Raphael Samuel and Michael M. Cohen for appellant.
Stephen R. Mahler for respondent.
MEMORANDUM.
The judgment of Supreme Court, Richmond County, should be reversed, with costs, and the determination of the New York City Housing Authority (Authority) should be reinstated. The prior nonfinal order of modification brought up for review pursuant to CPLR 5601 (subd [d]) should be reversed.
Petitioner, who was employed by the New York City Housing Authority Police Department, was charged with incompetency and misconduct. A hearing on the charges was held and it was clearly established that the petitioner, although on sick leave from the Authority police force, was working on a regular basis at a service station he owned. A review of petitioner's testimony indicates that he was well aware of the housing authority regulations which required officers to obtain prior permission either to leave their "place of confinement" while on sick leave or to engage in any secondary employment. Petitioner's conduct was clearly in violation of these regulations. Although the hearing officer recommended a two-month suspension without pay as the appropriate sanction, the Authority determined that dismissal was proper.
Petitioner then brought this article 78 proceeding which was transferred to the Appellate Division pursuant to CPLR 7804 (subd [g]) and 7803 (subd 4). The Appellate Division modified the agency's determination by reducing the penalty from dismissal to a two-month suspension without pay and by ordering petitioner's reinstatement. The case was remanded to Special Term for a hearing on the issue of back pay. After entry of judgment based on a stipulation with respect to the issue of back pay, this appeal was brought challenging the prior nonfinal order of the Appellate Division.

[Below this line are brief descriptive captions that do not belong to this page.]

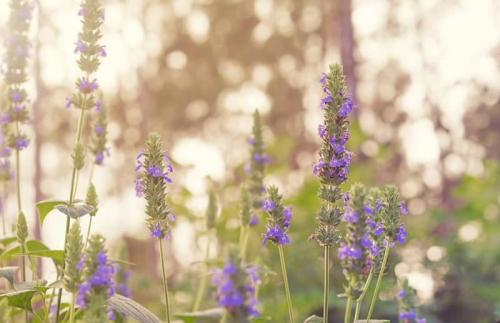 How To Grow Chia seeds. Growing Chia: Planting Guide, Care, Problems and Harvest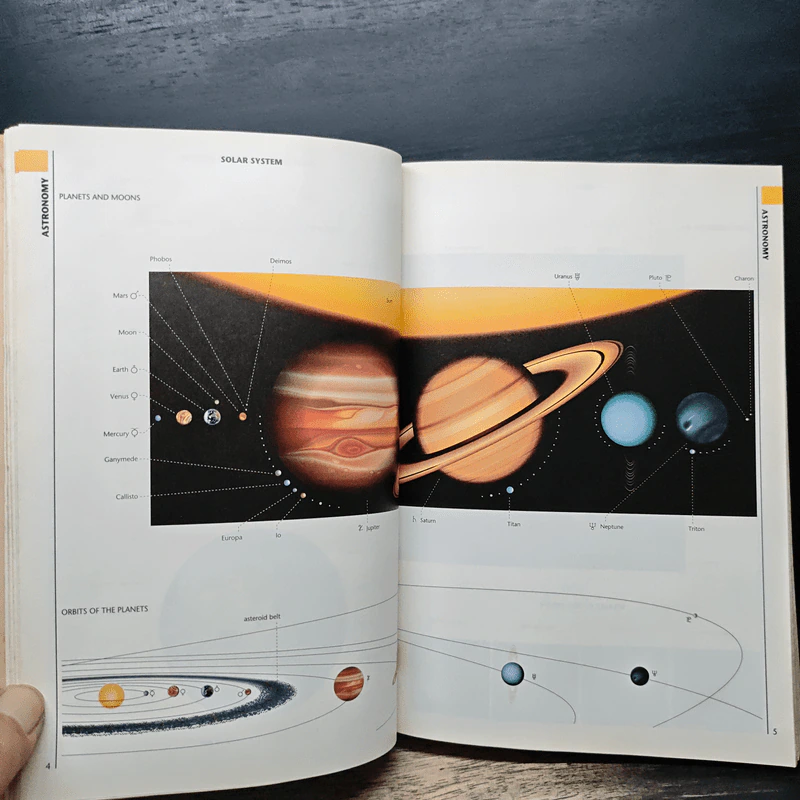 The Macmillan Visual Dictionary รูปที่ 15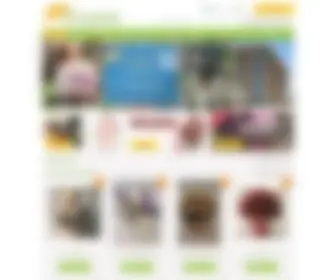 Aflowers.ee(A-Flowers) Screenshot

As stated by this court in Matter of Harris v Mechanicville Cent. School Dist. ( 45 N.Y.2d 279, 284) "[j]udicial review of administratively imposed sanctions is limited: only when the sanction is, under the circumstances, so disproportionate to the offense as to 'shock the conscience of the court' may it be revised ( Matter of Pell v Board of Educ., 34 N.Y.2d 222, 232-235, supra)." In this case, it cannot be said that the penalty of dismissal was so disproportionate to petitioner's offenses as to mandate modification. Petitioner knowingly violated his employer's regulations over an extended period of time. In light of petitioner's continuing and intentional violation of those rules, the agency did not abuse its discretion by imposing the penalty of dismissal. Since it cannot be said, as a matter of law, that the agency abused its discretion by dismissing the petitioner, the agency's determination should be reinstated.
Chief Judge COOKE and Judges JASEN, GABRIELLI, JONES, WACHTLER, FUCHSBERG and MEYER concur.
Judgment appealed from and order of the Appellate Division brought up for review reversed, with costs, and determination of the New York City Housing Authority reinstated in a memorandum.